Since its first appearance, the automobile has become the most popular means of transport, so it is of utmost importance to make traveling by car as safe and comfortable as possible. The rapid evolution of embedded systems dawned a new era for this part of the automobile industry as well with the widespread of the advanced driving assistance systems.
Awareness of the vehicle’s surroundings and knowing its position on the road is an essential basis for several of these systems, so a lane detection system is included in many cars. The aim of my thesis is the development of a lane tracking algorithm which can analyse the surroundings of the vehicle in real time and detect the lanes and their position compared to the car’s using common hardware.

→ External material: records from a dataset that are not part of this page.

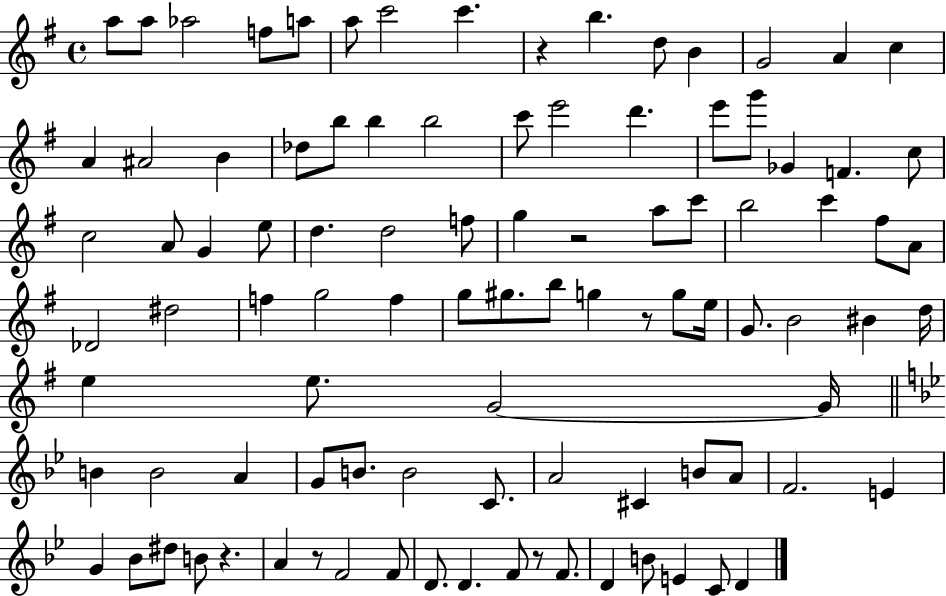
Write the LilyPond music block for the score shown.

{
  \clef treble
  \time 4/4
  \defaultTimeSignature
  \key g \major
  a''8 a''8 aes''2 f''8 a''8 | a''8 c'''2 c'''4. | r4 b''4. d''8 b'4 | g'2 a'4 c''4 | \break a'4 ais'2 b'4 | des''8 b''8 b''4 b''2 | c'''8 e'''2 d'''4. | e'''8 g'''8 ges'4 f'4. c''8 | \break c''2 a'8 g'4 e''8 | d''4. d''2 f''8 | g''4 r2 a''8 c'''8 | b''2 c'''4 fis''8 a'8 | \break des'2 dis''2 | f''4 g''2 f''4 | g''8 gis''8. b''8 g''4 r8 g''8 e''16 | g'8. b'2 bis'4 d''16 | \break e''4 e''8. g'2~~ g'16 | \bar "||" \break \key bes \major b'4 b'2 a'4 | g'8 b'8. b'2 c'8. | a'2 cis'4 b'8 a'8 | f'2. e'4 | \break g'4 bes'8 dis''8 b'8 r4. | a'4 r8 f'2 f'8 | d'8. d'4. f'8 r8 f'8. | d'4 b'8 e'4 c'8 d'4 | \break \bar "|."
}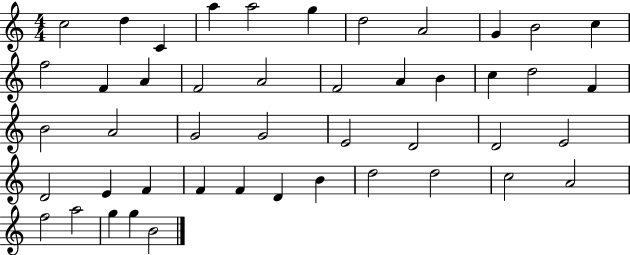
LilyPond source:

{
  \clef treble
  \numericTimeSignature
  \time 4/4
  \key c \major
  c''2 d''4 c'4 | a''4 a''2 g''4 | d''2 a'2 | g'4 b'2 c''4 | \break f''2 f'4 a'4 | f'2 a'2 | f'2 a'4 b'4 | c''4 d''2 f'4 | \break b'2 a'2 | g'2 g'2 | e'2 d'2 | d'2 e'2 | \break d'2 e'4 f'4 | f'4 f'4 d'4 b'4 | d''2 d''2 | c''2 a'2 | \break f''2 a''2 | g''4 g''4 b'2 | \bar "|."
}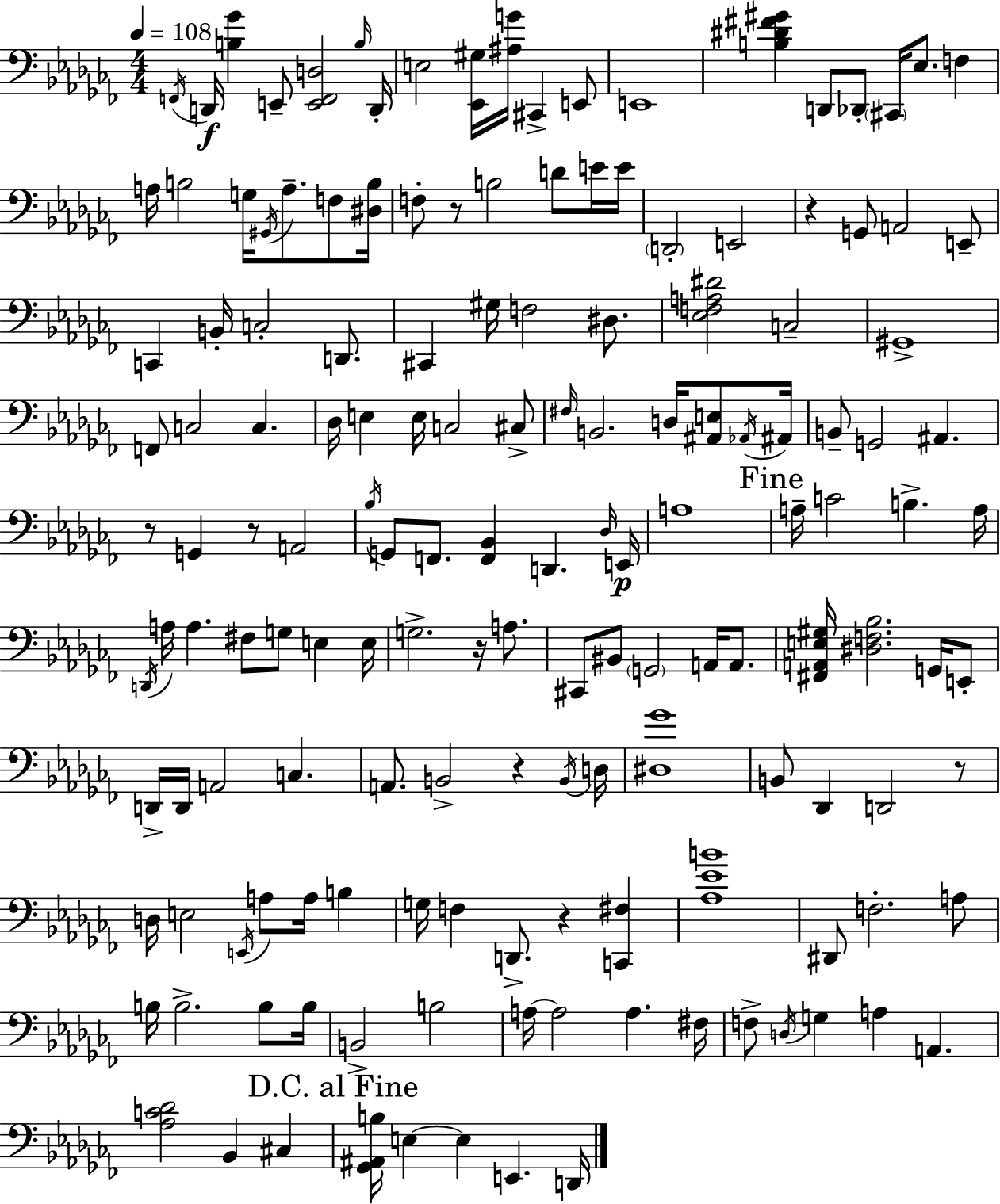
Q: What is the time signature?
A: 4/4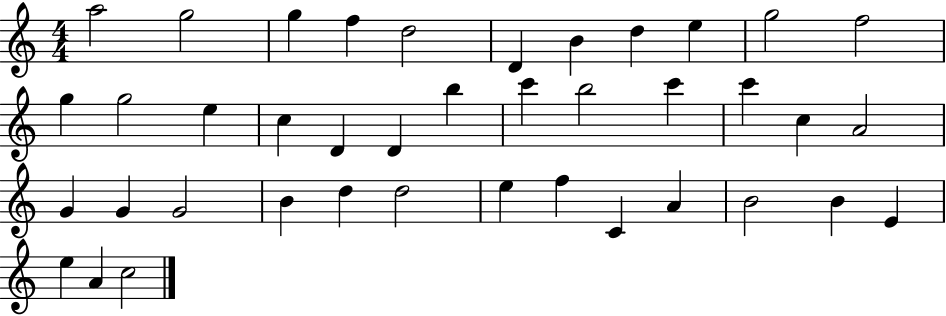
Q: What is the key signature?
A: C major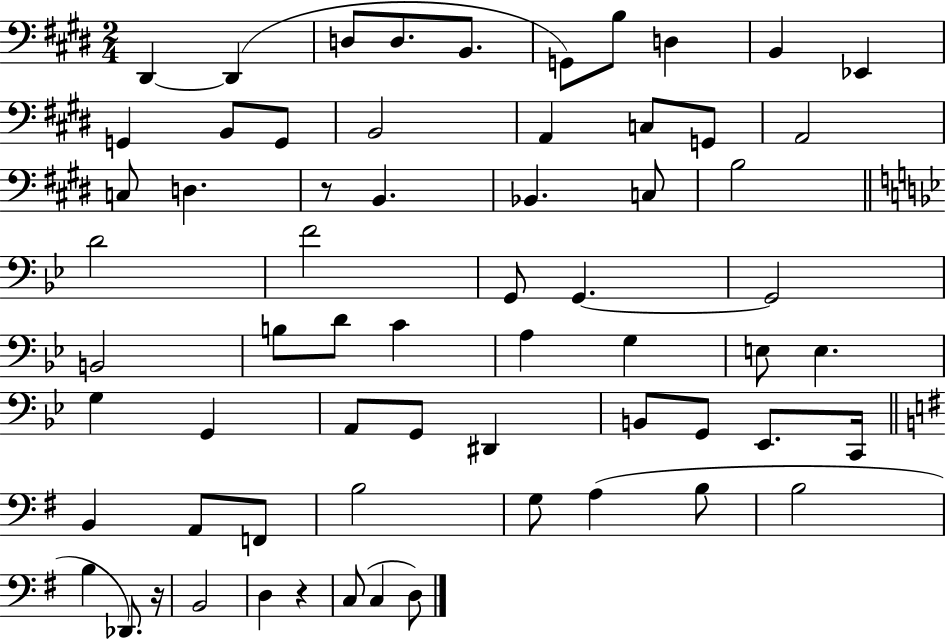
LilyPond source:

{
  \clef bass
  \numericTimeSignature
  \time 2/4
  \key e \major
  \repeat volta 2 { dis,4~~ dis,4( | d8 d8. b,8. | g,8) b8 d4 | b,4 ees,4 | \break g,4 b,8 g,8 | b,2 | a,4 c8 g,8 | a,2 | \break c8 d4. | r8 b,4. | bes,4. c8 | b2 | \break \bar "||" \break \key g \minor d'2 | f'2 | g,8 g,4.~~ | g,2 | \break b,2 | b8 d'8 c'4 | a4 g4 | e8 e4. | \break g4 g,4 | a,8 g,8 dis,4 | b,8 g,8 ees,8. c,16 | \bar "||" \break \key g \major b,4 a,8 f,8 | b2 | g8 a4( b8 | b2 | \break b4 des,8.) r16 | b,2 | d4 r4 | c8( c4 d8) | \break } \bar "|."
}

First of all, I reviewed the main tools and procedures in the field of lane detection and developed a fast lane tracking method using only a single camera’s output. This algorithm can be divided into three main parts. First, we prepare the image from the camera by applying a convenient steerable filter then we detect the lines resembling lane markings with a reduced Hough transform method. Finally, using the results of the transform, we locate the lanes on the road and the data required keeping the vehicle in the lane it is in.
In order to guarantee real time processing, I analysed the algorithm and picked the sections with the most potential for parallelization. I implemented these parts of the code in CUDA to be run on graphics processing units and I measured the improvement in performance.
In the end, I verified the correctness of the algorithm by testing with video recordings and I made proposals for the further development of this lane tracking method.